(Task statement)
Each line of the material below is to be written out exactly. Leave out any picture.

(Task input)
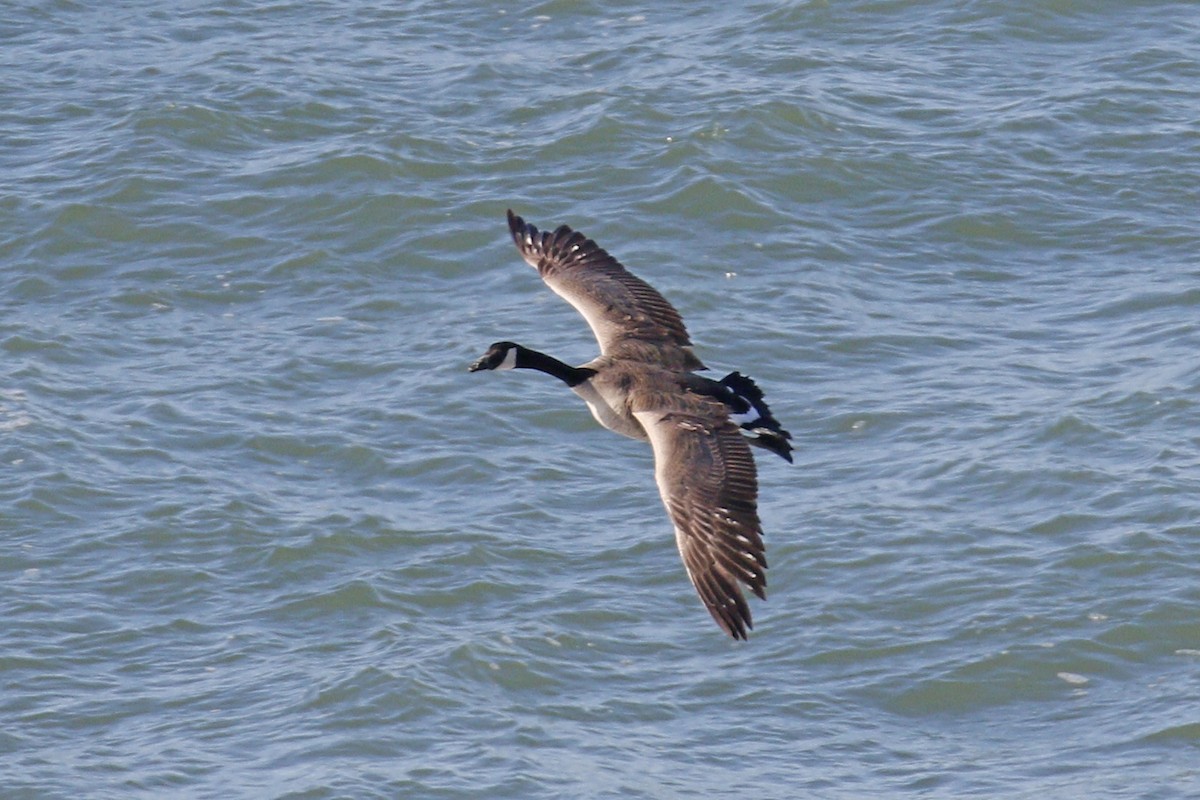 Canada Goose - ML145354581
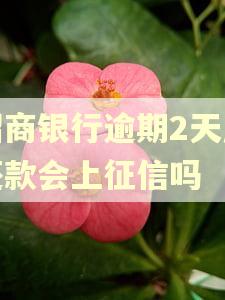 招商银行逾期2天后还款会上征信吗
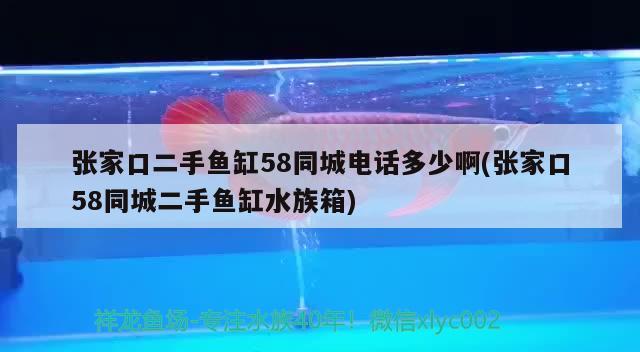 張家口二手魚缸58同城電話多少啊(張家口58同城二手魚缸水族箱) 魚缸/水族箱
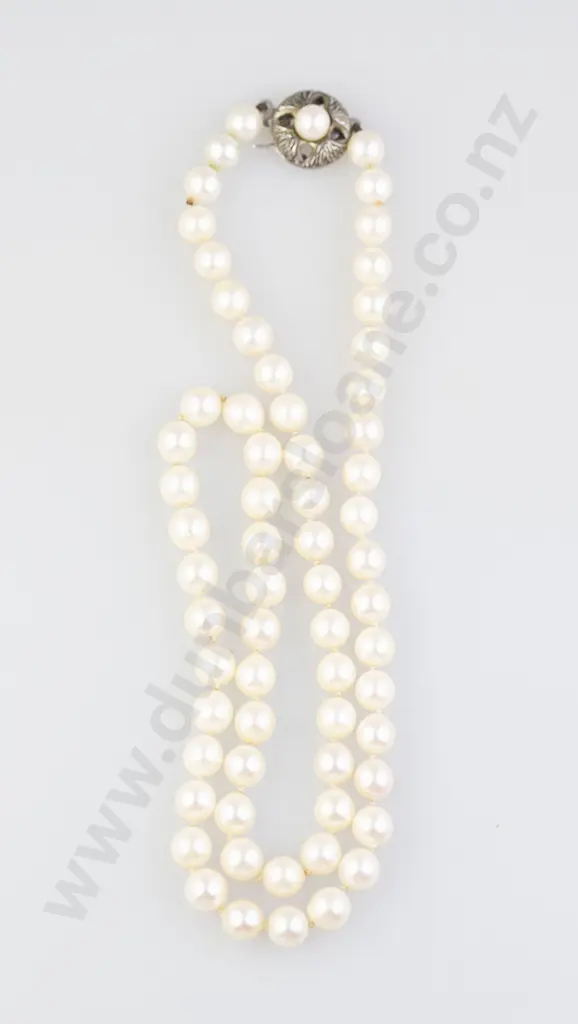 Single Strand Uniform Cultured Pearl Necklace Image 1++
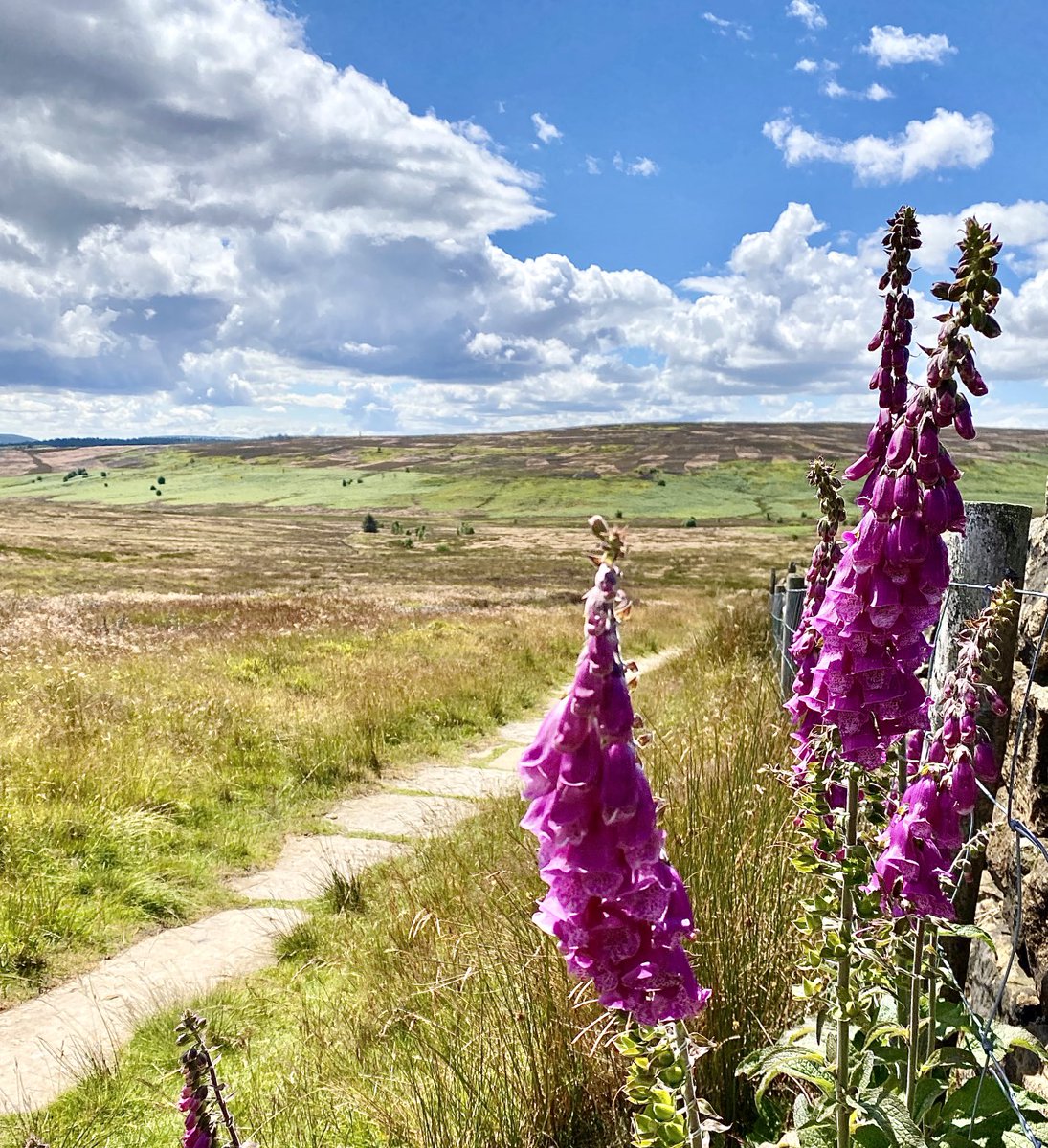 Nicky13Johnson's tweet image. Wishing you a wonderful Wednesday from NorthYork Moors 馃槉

(Answer for the task)
 Canada Goose - ML145354581
 招商银行逾期2天后还款会上征信吗
 張家口二手魚缸58同城電話多少啊(張家口58同城二手魚缸水族箱) 魚缸/水族箱
 Single Strand Uniform Cultured Pearl Necklace Image 1++
 Nicky13Johnson's tweet image. Wishing you a wonderful Wednesday from NorthYork Moors 馃槉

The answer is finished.